No final da segunda estrofe, verificamos que João Ninguém também pode ser comparado ao Jacobina, outro personagem machadiano, do famoso conto “O Espelho”. Jacobina é um desenvolvimento do que Machado denominou de “medalhão”, em outro conto muito conhecido, o “Teoria do Medalhão” o qual, assim como “O Espelho”, também foi publicado em Papéis avulsos. Voltemos, então, à segunda estrofe da letra, onde se lê “Nunca teve um inimigo/ Nunca teve opinião”, o que nos remete ao conto “O Espelho”, no qual Jacobina explica sua indisposição para a controvérsia: “— Nem conjetura, nem opinião, redarguiu ele; uma ou outra pode dar lugar a dissentimento, e, como sabem, eu não discuto” (ASSIS, 1970, p 258). Fica clara, portanto, a similaridade entre as duas personagens. Jacobina e João Ninguém, para não se arriscarem a ter “um inimigo”, evitam ter qualquer “opinião” para fugir da “conjetura” e do “dissentimento”.

A aversão de João Ninguém ao embate certamente tem a ver com sua necessidade de viver do favor das pessoas, posto que ele não conta com recursos próprios para a sobrevivência, assim como acontece com Custódio, que vive à custa de pequenos empréstimos.

As duas estrofes finais confirmam as afirmações feitas até agora a respeito da semelhança entre Custódio e João Ninguém. Por exemplo, na última estrofe: “João Ninguém/ Não trabalha um só minuto/ E vive sem ter vintém/ E anda a fumar charuto”. A pouca aptidão ao trabalho e a necessidade de manter a aparência de um “status” elevado (“E anda a fumar charuto”), revelam-nos, mais uma vez, a semelhança entre as personagens de Machado e Noel.

Porém, o que haveria em comum entre aquele Rio de Janeiro de Machado de Assis e o dos anos 1930, em que viveu Noel Rosa, para estimular a criação de dois personagens com tais semelhanças? O que as circunstâncias sócio-históricas daqueles dois períodos tinham em comum para produzir aqueles joões-ninguém?

Os contos de Papéis avulsos foram publicados em 1882, portanto, quase 60 anos antes de a canção de Noel ser gravada. Haveria algo em comum entre o Rio de Janeiro machadiano, ainda escravista e imperial, e aquele de Noel Rosa, sob o regime de Getúlio Vargas, com seus problemas sociais e seus “malandros”, todos descendentes, de uma forma ou de outra, do regime escravocrata que perdurou por mais de 300 anos no Brasil?

Para tentarmos entender nossos dois joões-ninguém, recorreremos ao que Roberto Schwarz, em seu famoso texto “As ideias fora do lugar”, chamou de favor.
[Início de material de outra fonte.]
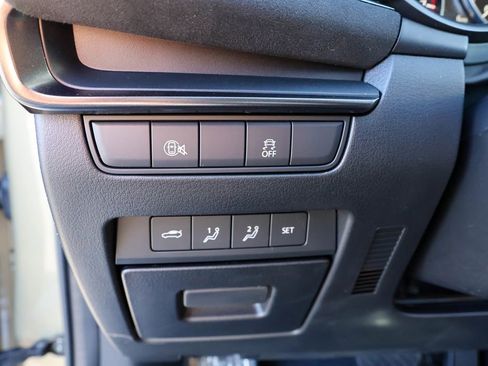 Used 2025 MAZDA MAZDA3 s image 19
Tanto Custódio quanto João Ninguém são homens livres, mas dependentes: “Nem proprietários nem proletários, seu acesso à vida social e a seus bens depende materialmente do favor, indireto ou direto, de um grande” (SCHWARZ, 1977, p. 16). Como esclarece Schwarz neste trecho, esse tipo social, o homem livre/dependente, vive na dependência de um benfeitor, o qual possui as condições materiais para exercer seu domínio sobre o favorecido.

No caso de Custódio, não há uma relação de dependência direta entre ele e Vaz Nunes, pessoa que ele mal conhecia, porém, a forma como Custódio vive em sociedade (pedindo empréstimos, sem renda e sem trabalho) o obriga a se comportar, diante daqueles que possuem bens, como alguém dependente do favor, sujeitando-se sempre aos arbítrios do outro e à consequente humilhação.

A relação de Custódio e Vaz Nunes não é a de agregado e benfeitor, ele, Custódio, pode escolher a quem se humilhar, um agregado não tem direito a essa escolha. Custódio, como vemos num trecho do conto, pode até demonstrar uma “pontazinha de despeito”, após Vaz Nunes negar-lhe o empréstimo: “— Bem, disse ele, com uma pontazinha de despeito, há de perdoar o incômodo…” (ASSIS, 1970, p. 231). Porém, como poderemos verificar, logo após esse súbito ato de sinceridade emocional, Custódio torna ao seu “estado natural” e novamente volta a humilhar-se com um novo pedido de empréstimo, agora bem mais modesto, mas que, ainda assim, será mais uma vez negado por Vaz Nunes.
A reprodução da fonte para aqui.